Example Dataset = GSE70072
Title of the paper - Apoptosis enhancing drugs overcome innate platinum resistance in CA125 negative tumor initiating populations of high grade serous ovarian cancer Very briefly in my own words: This study investigates two cell populations that they isolated from high-grade serous ovarian cancer, CA125+ve cells and CA125-ve cells. They hypothesize the CA125-ve cells are stem-like cells and are the cause for resurgence of cancer following treatment as the chemo drugs kills all the CA125+ve cells enriching for CA125-ve cells. They further demonstrate how a combination of two chemo drugs given together could help to kill both CA125+ve and CA125-ve cells.

  • Need to have the right markers for the right data.

Procedure

  1. Get the GEO description of dataset gse <- getGEO("GSE70072", GSEMatrix = FALSE)
  2. Information about platform association with dataset current_gp1 <- names(GPPList(gse))(1) current_gpl_info <- Meta(getGEO(current_gpl))
  3. Important for assignment: Put in format using Markdown, with embeddd R expression surrounded by grave accent.
  4. Get the expression data sfiles = getGEOSuppFiles('GSE70072') fnames = rownames(sfiles) cal125_expr = read.delim(fnames[1], header = TRUE, check.names = FALSE) check.names adds the negative and positive sights in the dataframe.

Cleaning the data

  • How many unique genes do we have?
  • Are there any non-genes in our dataset? If so, what are they?
  • Can we exclude the them?
  1. Define the groups Given the lacking of specification in format, how can we go about getting the information that pertains to each sample? By looking at the column names we see "Pt.A.CA125-" and "pt.F.CA125-". We can infer Pt.A means Patient A. Then we clean the data by spliting the column name and summarize. What is "Y_RNA" "SNOR", etc.? But we don't necessarily need to worry about it now. We don't need to filter them out (yet).

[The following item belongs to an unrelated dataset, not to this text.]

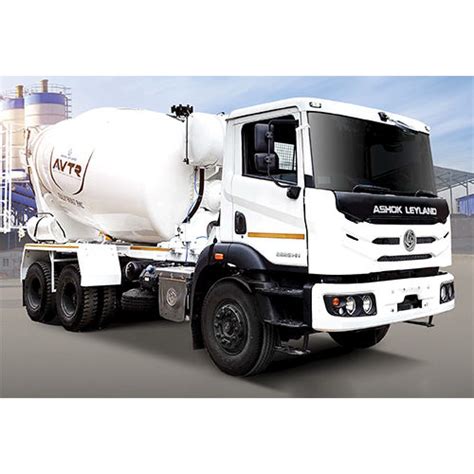 2825 6x4 Transit Mixer Truck at Best Price in Jaipur | Vst Auto India Private Limited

  2. Filtering Filtering weakly expressed and non-informative features is very important. Make sure we solve some duplicate issues and get a summarized count for each gene. Only output those that are greater than 1.

Conclusion

  • Discussed data standards, and where they are lacking when it comes to raw expression data. We have to work with what is out there. Choosing a good data set is very important!!
  • Learned about the dataset of interest
  • Played around with an example dataset

A1: Clean the data and map to HUGO symbols

Objective

  • Prepare a Notebook that will produce a clean, normalized dataset that will be used for the remaining assignments in this course.

Time Management

Date Started: 2022-02-12
Data Completed: 2022-02-13
Estimated Time: 3 hours
Actual Time: 5 hours

Workflow

  • Dataset already included HGNC gene symbols and EnsemblIDs, decided to map EnsemblIDs anyways using ensembl as a tool for identifier mapping.
  • This resulted in 670 identifiers that did not match to current HUGO mapping, which is about 5% of the total number of genes. I decided to remove these genes.
  • Dataset contained 3 genes that map to the same HGNC symbol (CYB561D2 has 2 duplicates, HSPA14 has 4 duplicates, COG8 has 2 duplicates. I decided to keep them in the dataset, to not harm the analysis. Removing duplicates can introduce differences where they don’t exist and potential bias on some algorithms. Since there are so few, I think keeping them or removing them would've been fine.

Issues

  • When downloading the supplemental files from GEO using the getGEOSuppFiles function, I continuously ran into issues where the second file would take too long to download and the script would quit. This happened using Docker as well. I solved this by using the filter_regex = ".txt" parameter in my code, to only download the relevant counts file for this assignment.